Opposition Leader Bill Shorten, who has both Flemington and Moonee Valley within his electorate, said his side of politics heard the industry “loud and clear” on issues like drought relief and labour shortages.
“I understand that in this industry for a small number of people we need to bring in people from overseas,” the Labor leader said. “We don’t have the skills here, we don’t have the people here that we need to have a visa system that brings people in.”
He said racing was a great industry that couldn’t be taken for granted, noting the importance of farming and racehorse ownership.
The Australian breeding industry is the second largest in the world, with an interim economic report showing breeding alone sustained almost 9,500 jobs across the nation.
The broader racing industry contributes over $8.5 billion to the national economy, according to the same research, and is responsible for some 69,000 full time jobs in Australia.
Deputy Prime Minister and keen racing fan Michael McCormack attended, along with Deputy Nationals Leader Bridget McKenzie, Agriculture Minister David Littleproud and Special Drought Envoy Barnaby Joyce, Labor senator Anthony Chisholm and Liberal MPs Tony Pasin, Warren Entsch and Nicole Flint also were at the event.
Chief Government Whip Nola Marino and co-convenor of the Parliamentary Friends of Primary Producers said the bipartisan event united politicians. “This industry is really, really, important, it employs 69,000 people,” Marino said. “All of the stud breeders around this room, you know what you mean to rural and regional Australia.”
Hunter MP, and Shadow Agriculture Minister and co-convenor of the Parliamentary Friends of Primary Producers, Joel Fitzgibbon said the event had continued its history of reminding us the racing industry begins on a farm.

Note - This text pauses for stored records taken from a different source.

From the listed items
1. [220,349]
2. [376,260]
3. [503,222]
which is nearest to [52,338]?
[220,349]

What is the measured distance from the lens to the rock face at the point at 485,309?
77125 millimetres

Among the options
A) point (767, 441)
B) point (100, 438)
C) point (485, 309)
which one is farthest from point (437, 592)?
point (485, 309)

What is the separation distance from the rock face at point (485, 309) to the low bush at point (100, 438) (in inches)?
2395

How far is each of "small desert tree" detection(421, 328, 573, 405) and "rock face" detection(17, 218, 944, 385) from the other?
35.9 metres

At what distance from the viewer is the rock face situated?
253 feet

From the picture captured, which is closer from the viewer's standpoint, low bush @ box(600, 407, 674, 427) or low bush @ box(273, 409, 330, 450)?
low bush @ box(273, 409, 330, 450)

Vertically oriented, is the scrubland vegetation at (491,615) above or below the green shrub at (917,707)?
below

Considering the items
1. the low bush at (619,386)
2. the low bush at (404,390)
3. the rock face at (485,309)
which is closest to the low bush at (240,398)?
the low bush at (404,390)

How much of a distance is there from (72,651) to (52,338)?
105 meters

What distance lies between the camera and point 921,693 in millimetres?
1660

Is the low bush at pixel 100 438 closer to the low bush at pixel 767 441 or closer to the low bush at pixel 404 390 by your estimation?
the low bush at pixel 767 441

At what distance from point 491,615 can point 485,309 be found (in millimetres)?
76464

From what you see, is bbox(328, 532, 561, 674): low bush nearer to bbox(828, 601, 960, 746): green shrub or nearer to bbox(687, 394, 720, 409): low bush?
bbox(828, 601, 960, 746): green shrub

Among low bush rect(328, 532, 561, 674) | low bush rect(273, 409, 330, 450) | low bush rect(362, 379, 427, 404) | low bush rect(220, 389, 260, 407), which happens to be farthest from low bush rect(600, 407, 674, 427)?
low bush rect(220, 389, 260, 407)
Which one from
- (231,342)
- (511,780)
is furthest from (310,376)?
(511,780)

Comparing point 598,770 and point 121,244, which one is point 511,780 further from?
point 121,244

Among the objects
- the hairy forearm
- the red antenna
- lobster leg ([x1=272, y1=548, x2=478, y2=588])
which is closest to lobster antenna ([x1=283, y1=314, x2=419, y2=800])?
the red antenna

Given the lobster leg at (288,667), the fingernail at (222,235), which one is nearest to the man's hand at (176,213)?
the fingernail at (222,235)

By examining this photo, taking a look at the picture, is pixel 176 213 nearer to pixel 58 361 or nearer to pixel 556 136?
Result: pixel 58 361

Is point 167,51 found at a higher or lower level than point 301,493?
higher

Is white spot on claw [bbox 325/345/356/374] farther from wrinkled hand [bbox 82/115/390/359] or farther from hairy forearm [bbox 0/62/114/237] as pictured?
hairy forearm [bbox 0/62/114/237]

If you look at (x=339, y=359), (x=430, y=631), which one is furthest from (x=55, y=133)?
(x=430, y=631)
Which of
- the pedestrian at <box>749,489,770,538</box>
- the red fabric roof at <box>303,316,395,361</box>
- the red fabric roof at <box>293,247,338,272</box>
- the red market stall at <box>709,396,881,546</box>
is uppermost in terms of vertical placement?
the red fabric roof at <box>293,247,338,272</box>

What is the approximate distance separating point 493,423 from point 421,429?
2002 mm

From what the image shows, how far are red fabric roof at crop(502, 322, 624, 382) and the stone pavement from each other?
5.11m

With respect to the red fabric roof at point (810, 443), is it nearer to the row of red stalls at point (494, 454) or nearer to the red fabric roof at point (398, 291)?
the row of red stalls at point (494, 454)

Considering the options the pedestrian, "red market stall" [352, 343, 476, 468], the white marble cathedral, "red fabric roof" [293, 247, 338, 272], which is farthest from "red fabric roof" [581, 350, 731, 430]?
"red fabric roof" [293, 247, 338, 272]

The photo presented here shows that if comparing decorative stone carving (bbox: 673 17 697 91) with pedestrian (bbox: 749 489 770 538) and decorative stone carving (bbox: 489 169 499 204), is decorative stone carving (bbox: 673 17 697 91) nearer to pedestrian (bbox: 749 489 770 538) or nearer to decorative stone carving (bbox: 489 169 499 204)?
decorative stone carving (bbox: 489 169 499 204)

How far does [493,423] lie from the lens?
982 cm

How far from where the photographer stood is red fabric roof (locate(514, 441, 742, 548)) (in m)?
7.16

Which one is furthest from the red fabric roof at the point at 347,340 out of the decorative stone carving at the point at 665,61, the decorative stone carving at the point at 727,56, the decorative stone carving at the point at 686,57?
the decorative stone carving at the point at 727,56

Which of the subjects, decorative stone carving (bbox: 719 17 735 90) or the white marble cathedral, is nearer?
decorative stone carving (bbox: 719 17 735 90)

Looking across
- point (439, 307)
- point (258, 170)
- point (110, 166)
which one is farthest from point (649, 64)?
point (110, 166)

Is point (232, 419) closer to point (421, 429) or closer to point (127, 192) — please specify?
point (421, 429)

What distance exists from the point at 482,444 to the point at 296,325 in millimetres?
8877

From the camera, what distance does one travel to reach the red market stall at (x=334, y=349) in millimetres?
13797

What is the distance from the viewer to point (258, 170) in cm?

“Next time you’re at Randwick, Flemington or Moonee Valley think about where it all begins,” Fitzgibbon said. “An industry worth itself much more than $1 billion to our economy and a thoroughbred breeding industry that sustains about 10,000 people across the country – that’s what we want you to be thinking about tonight.”

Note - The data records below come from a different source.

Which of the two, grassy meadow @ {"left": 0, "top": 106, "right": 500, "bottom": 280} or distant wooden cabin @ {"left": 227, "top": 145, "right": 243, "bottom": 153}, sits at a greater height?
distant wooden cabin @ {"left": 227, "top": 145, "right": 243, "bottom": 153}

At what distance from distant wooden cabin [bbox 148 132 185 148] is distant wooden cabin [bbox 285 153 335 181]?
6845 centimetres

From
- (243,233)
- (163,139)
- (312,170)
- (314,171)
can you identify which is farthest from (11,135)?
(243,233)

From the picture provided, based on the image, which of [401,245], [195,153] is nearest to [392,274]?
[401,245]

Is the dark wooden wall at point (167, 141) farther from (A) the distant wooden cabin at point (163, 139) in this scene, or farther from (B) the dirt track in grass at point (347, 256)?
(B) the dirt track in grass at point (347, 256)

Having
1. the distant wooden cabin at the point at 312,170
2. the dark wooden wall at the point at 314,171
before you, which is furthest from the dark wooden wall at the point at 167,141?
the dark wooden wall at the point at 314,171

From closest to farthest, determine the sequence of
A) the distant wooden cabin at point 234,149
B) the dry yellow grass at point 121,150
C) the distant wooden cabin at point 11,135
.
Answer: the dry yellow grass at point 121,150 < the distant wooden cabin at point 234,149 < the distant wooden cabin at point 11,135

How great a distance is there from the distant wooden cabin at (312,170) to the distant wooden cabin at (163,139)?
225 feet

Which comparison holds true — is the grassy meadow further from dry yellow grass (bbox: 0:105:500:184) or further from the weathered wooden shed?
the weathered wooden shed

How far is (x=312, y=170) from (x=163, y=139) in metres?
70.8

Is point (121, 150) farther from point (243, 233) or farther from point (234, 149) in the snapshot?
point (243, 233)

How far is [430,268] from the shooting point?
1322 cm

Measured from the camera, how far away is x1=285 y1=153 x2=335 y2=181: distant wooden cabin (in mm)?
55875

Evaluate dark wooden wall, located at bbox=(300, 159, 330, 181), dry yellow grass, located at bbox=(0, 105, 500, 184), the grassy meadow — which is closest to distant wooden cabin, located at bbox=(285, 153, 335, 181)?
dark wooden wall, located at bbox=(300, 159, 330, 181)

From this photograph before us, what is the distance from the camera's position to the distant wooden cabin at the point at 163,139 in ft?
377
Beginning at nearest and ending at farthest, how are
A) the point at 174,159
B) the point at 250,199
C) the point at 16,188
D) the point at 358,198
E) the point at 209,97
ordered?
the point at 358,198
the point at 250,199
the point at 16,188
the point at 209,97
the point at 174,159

He was more than happy to claim the association with Winx, who was bred at Coolmore Stud in his Hunter Valley electorate and on Saturday will seek to take her unbeaten run to 29 races.

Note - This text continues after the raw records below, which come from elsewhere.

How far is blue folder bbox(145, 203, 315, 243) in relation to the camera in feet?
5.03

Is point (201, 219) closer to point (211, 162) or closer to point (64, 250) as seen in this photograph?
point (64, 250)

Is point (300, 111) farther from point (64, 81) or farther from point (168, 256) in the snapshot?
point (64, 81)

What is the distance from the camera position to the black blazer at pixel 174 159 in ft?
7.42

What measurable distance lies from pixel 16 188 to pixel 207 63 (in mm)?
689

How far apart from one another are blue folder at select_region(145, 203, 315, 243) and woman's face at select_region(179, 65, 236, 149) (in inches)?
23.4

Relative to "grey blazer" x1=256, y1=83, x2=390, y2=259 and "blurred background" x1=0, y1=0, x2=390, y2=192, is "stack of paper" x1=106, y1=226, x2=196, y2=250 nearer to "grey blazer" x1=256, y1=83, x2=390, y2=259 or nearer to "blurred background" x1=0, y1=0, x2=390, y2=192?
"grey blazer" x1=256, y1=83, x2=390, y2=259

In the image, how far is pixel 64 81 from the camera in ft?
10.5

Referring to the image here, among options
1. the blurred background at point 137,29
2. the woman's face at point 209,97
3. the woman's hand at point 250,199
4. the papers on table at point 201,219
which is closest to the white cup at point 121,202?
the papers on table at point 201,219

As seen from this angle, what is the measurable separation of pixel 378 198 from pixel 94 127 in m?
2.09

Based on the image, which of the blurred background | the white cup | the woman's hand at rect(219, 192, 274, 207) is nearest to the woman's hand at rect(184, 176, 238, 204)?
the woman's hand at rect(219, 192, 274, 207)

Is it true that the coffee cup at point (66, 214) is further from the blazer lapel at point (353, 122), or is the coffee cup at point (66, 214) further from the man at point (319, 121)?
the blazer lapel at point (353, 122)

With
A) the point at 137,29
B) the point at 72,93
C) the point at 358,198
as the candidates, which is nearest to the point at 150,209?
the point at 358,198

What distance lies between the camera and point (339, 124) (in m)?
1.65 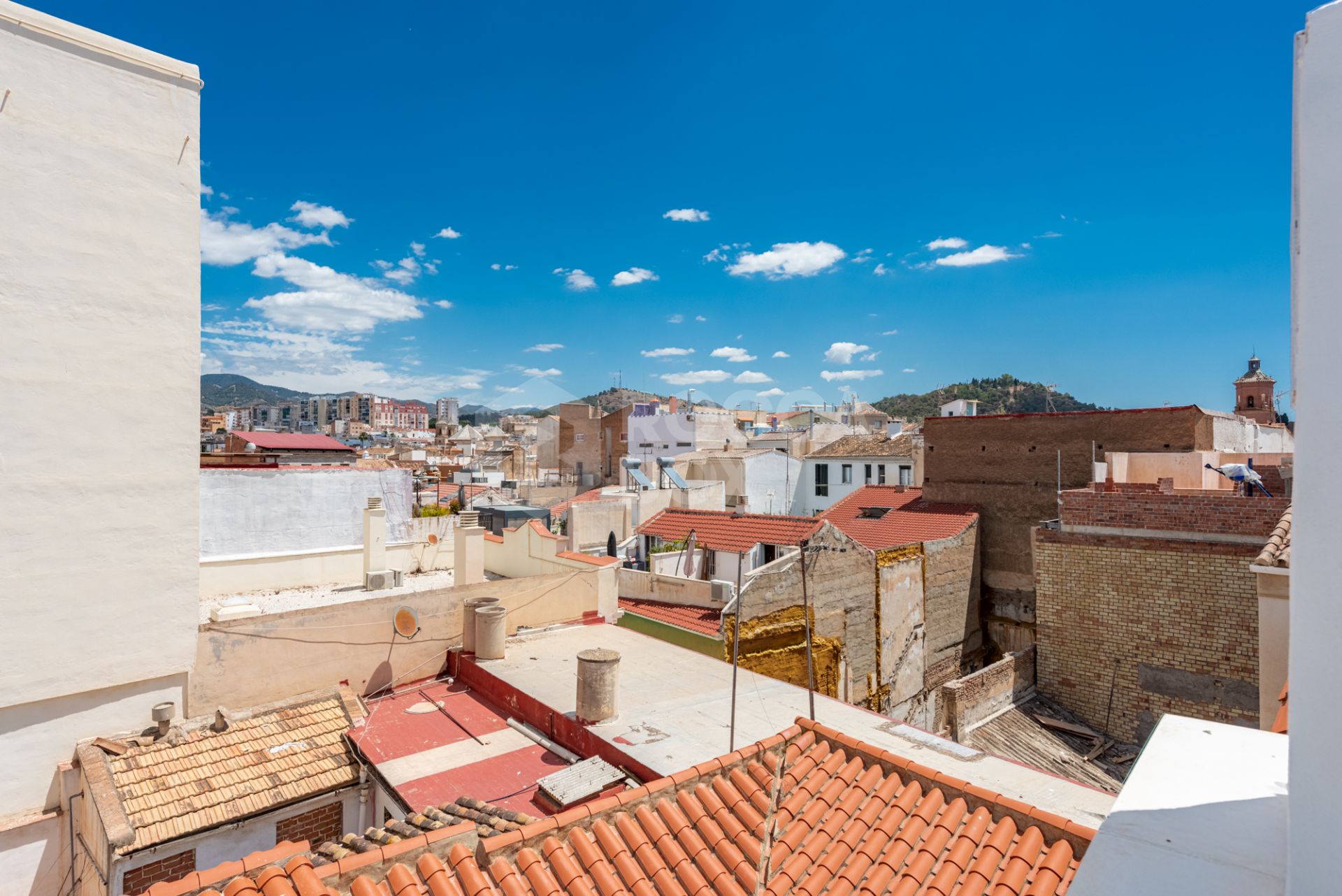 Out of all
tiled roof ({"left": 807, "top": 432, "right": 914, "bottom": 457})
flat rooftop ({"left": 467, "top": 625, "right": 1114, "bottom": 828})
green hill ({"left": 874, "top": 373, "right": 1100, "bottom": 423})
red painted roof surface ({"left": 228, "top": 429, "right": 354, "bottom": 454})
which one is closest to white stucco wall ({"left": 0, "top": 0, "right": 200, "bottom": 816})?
flat rooftop ({"left": 467, "top": 625, "right": 1114, "bottom": 828})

Winx’s co-owners Debbie Kepitis and Peter Tighe were the star attractions, alongside the champion mare’s three Cox Plates which were on display as she shoots for a record fourth on Saturday.
Mrs Kepitis’s famous Ingham family raced champion and leading sire Lonhro before the Australian-bred Winx took the world by storm. “Lonhro was bred here. But nothing make me more proud than it’s an Australian product and also to think that I’ve got a better one than my dad and uncle – and my dad’s jealous,” she said.
Melbourne Cup winning jockey Michelle Payne, who is now forging a career as a trainer, reflected on her path to stardom aboard Prince of Penzance. “The love of the animal and growing up with them, learning to work with them and building that association is what I absolutely love about the industry,” she said.
Mr Morrison set the tone of the event by lifting his limited edition Winx Carlton Draught can with a toast: “here’s cheers to the racing industry”.
Earlier in the day he had hosted the connections of Winx in his office to offer them a personal message of good luck as the mare seeks an unprecedented fourth Cox Plate.